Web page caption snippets
________________________________________
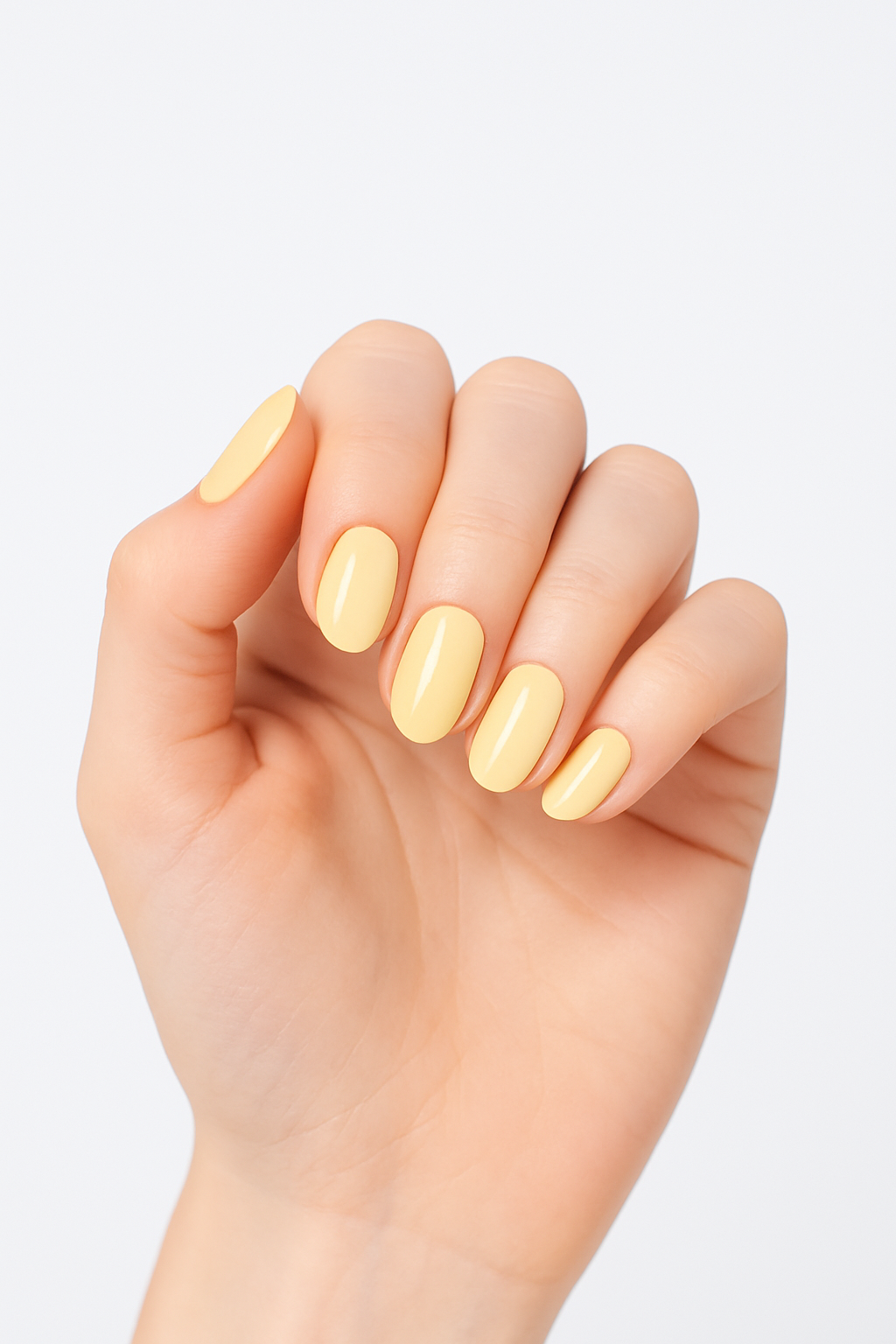 Non-UV Gel Nail Sticker Ibizablond
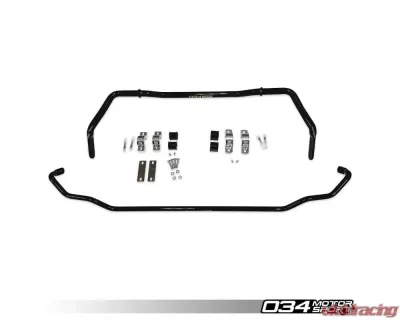 034 Motorsports Dynamic+ Front and Rear Sway Bar Kit for BMW F2X/F3X 2012-2020 - 034-402-1034
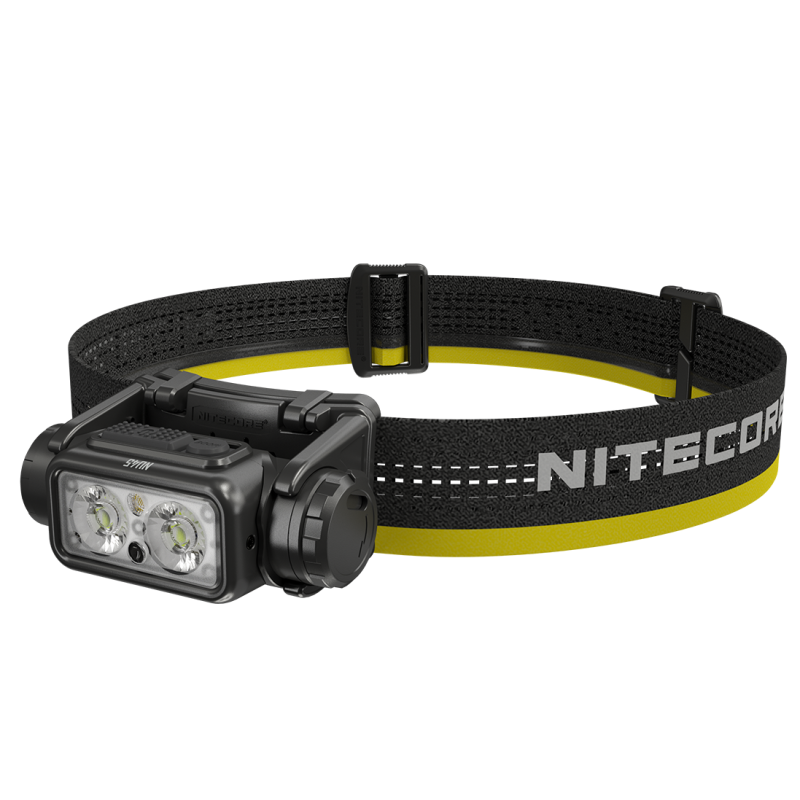 Linterna frontal Recargable Nitecore NU45 1700 Lumenes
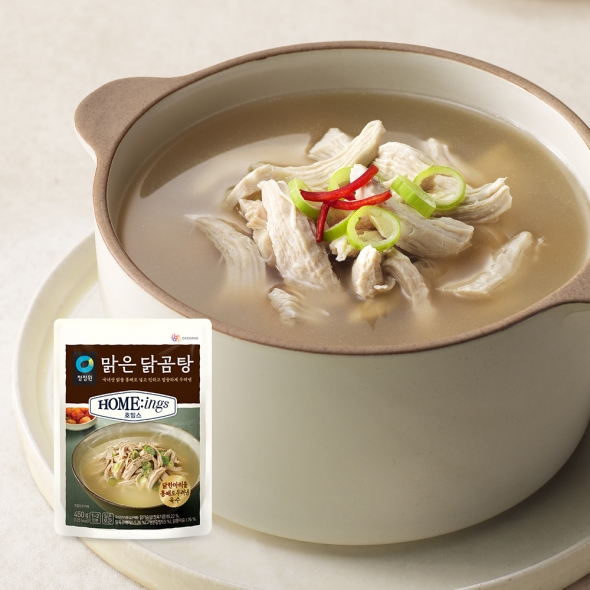 [타임특가] 청정원 호밍스 맑은닭곰탕 450g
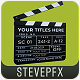 Movie Film Clapperboard Mockup - VideoHive Item for Sale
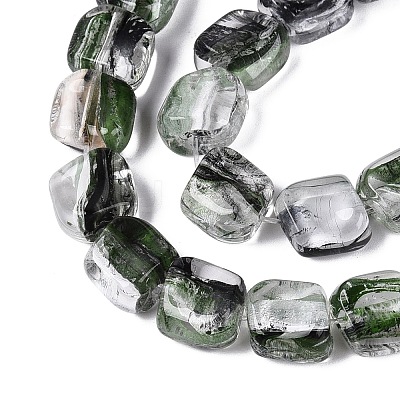 Handmade Lampwork Beads Strands LA-N046-01E-1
________________________________________
* WHAT YOU NEED TO DO *
Transcribe all lines above exactly, skipping pictures.

* EXERCISE SOLUTION *
 Non-UV Gel Nail Sticker Ibizablond
 034 Motorsports Dynamic+ Front and Rear Sway Bar Kit for BMW F2X/F3X 2012-2020 - 034-402-1034
 Linterna frontal Recargable Nitecore NU45 1700 Lumenes
 [타임특가] 청정원 호밍스 맑은닭곰탕 450g
 Movie Film Clapperboard Mockup - VideoHive Item for Sale
 Handmade Lampwork Beads Strands LA-N046-01E-1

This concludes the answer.